Backlash Against BP Gas Stations Mounts

Station owners report vandalism and a drop in gas sales, as talk of consumer protests mount.

June 11, 2010

NEW YORK and HAMPTON ROADS, VA - News of BP gas stations experiencing consumers' frustrations over the Gulf Oil spill are increasing, as headlines earlier this week ?" "BP Gas Station Owners Beg Vandals to Stop (Gothamist.com) and "Local BP Stations Brace for Backlash from Oil Spill (PilotOnline.com) ?" attest.

According to Gothamist.com, more than half a dozen BP stations around New York City have been vandalized, with owners feeling unjustly targeted.

"What are they trying to prove? They're just stupid!" said Mark Sapozhnikov, manager of a BP station in Brooklyn, who said it cost him more than $1,500 to clean his station's sign, which was splattered with brown paint. "They need to realize that by vandalizing private businesses, they're not helping the oil spill."

Police said that area vandals have been filling water balloons with paint, and targeting the prominent BP signage.

In Virginia, BP station owners are on edge, fearful for their livelihoods should threatened boycotts materialize.
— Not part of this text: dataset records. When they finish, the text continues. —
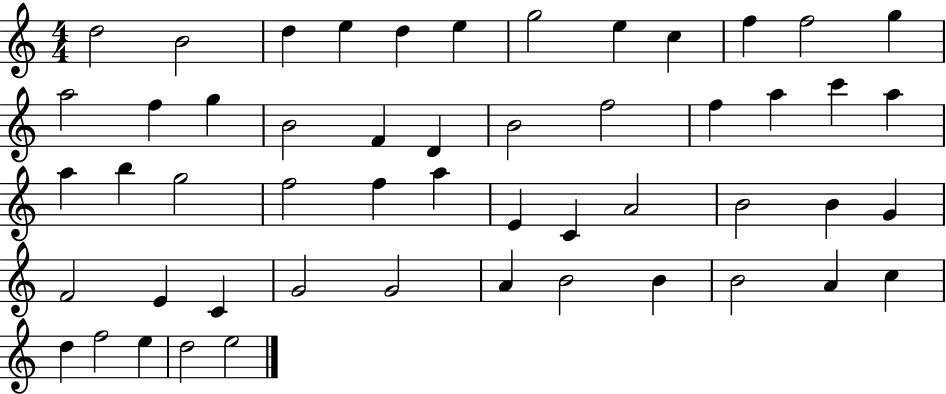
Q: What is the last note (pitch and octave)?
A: E5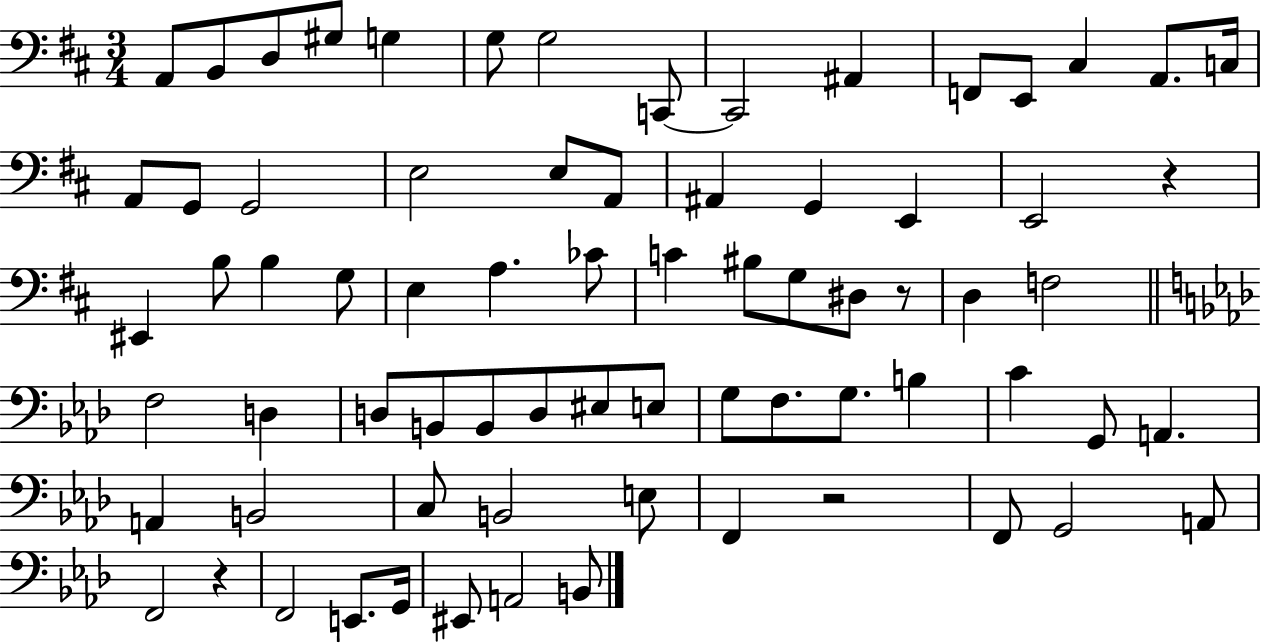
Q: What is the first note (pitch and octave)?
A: A2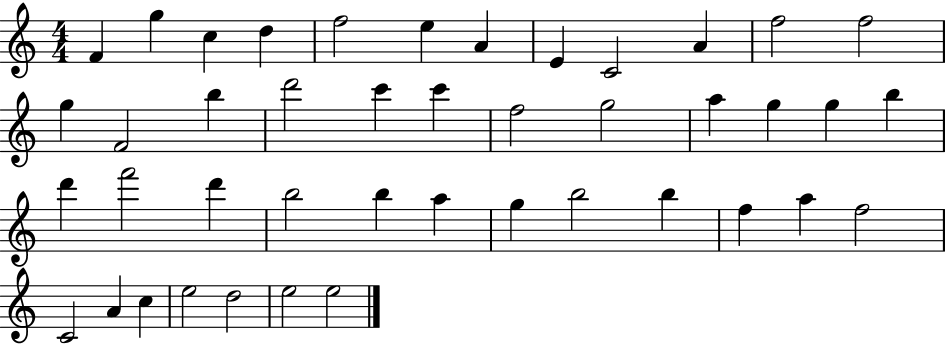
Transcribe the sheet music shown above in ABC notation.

X:1
T:Untitled
M:4/4
L:1/4
K:C
F g c d f2 e A E C2 A f2 f2 g F2 b d'2 c' c' f2 g2 a g g b d' f'2 d' b2 b a g b2 b f a f2 C2 A c e2 d2 e2 e2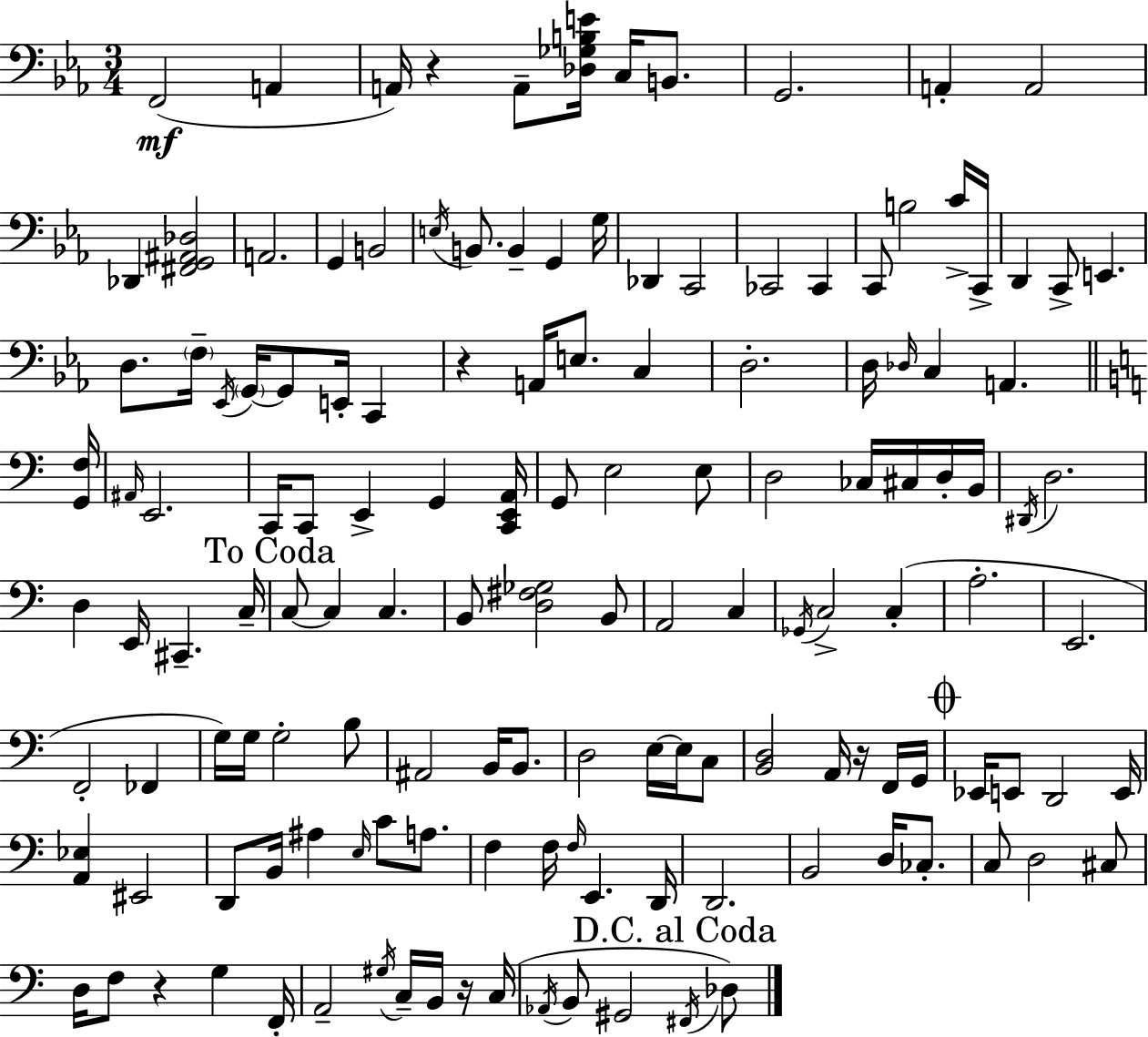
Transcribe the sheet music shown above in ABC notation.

X:1
T:Untitled
M:3/4
L:1/4
K:Eb
F,,2 A,, A,,/4 z A,,/2 [_D,_G,B,E]/4 C,/4 B,,/2 G,,2 A,, A,,2 _D,, [^F,,G,,^A,,_D,]2 A,,2 G,, B,,2 E,/4 B,,/2 B,, G,, G,/4 _D,, C,,2 _C,,2 _C,, C,,/2 B,2 C/4 C,,/4 D,, C,,/2 E,, D,/2 F,/4 _E,,/4 G,,/4 G,,/2 E,,/4 C,, z A,,/4 E,/2 C, D,2 D,/4 _D,/4 C, A,, [G,,F,]/4 ^A,,/4 E,,2 C,,/4 C,,/2 E,, G,, [C,,E,,A,,]/4 G,,/2 E,2 E,/2 D,2 _C,/4 ^C,/4 D,/4 B,,/4 ^D,,/4 D,2 D, E,,/4 ^C,, C,/4 C,/2 C, C, B,,/2 [D,^F,_G,]2 B,,/2 A,,2 C, _G,,/4 C,2 C, A,2 E,,2 F,,2 _F,, G,/4 G,/4 G,2 B,/2 ^A,,2 B,,/4 B,,/2 D,2 E,/4 E,/4 C,/2 [B,,D,]2 A,,/4 z/4 F,,/4 G,,/4 _E,,/4 E,,/2 D,,2 E,,/4 [A,,_E,] ^E,,2 D,,/2 B,,/4 ^A, E,/4 C/2 A,/2 F, F,/4 F,/4 E,, D,,/4 D,,2 B,,2 D,/4 _C,/2 C,/2 D,2 ^C,/2 D,/4 F,/2 z G, F,,/4 A,,2 ^G,/4 C,/4 B,,/4 z/4 C,/4 _A,,/4 B,,/2 ^G,,2 ^F,,/4 _D,/2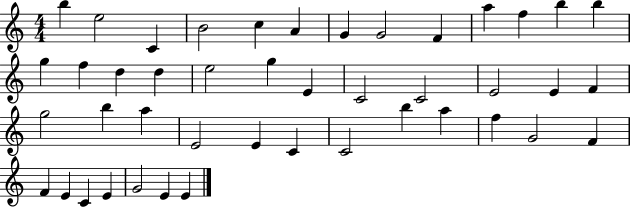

"We could lose our whole financial life, basically. If everybody stopped buying gas here, we would be bankrupt pretty quickly," said George Diggs Jr., who has owned a BP station in Chesapeake with his wife for 11 years. "Hopefully, people will understand."

According to Jeff Miller, president of Miller Oil Co., which owns 16 BP stations and supplies BP gas to nearly 50 small operators, station protests do little to punish the oil company.

"Basically, we're caught in the crossfire," Miller said, adding that he understands that consumers want to take some sort of action. "They want to vent their frustration. They want to vent their anger."

Miller said that while most BP dealers' sales have been unaffected, a few have reported sales drops and boycott-related concerns.

A BP dealer near Virginia Beach said that his sales have dropped nearly 25 percent, and he suspects that it 's because tourists have avoided BP, Miller said. A BP operator on the Outer Banks told Miller that he wanted to pull down his BP signs.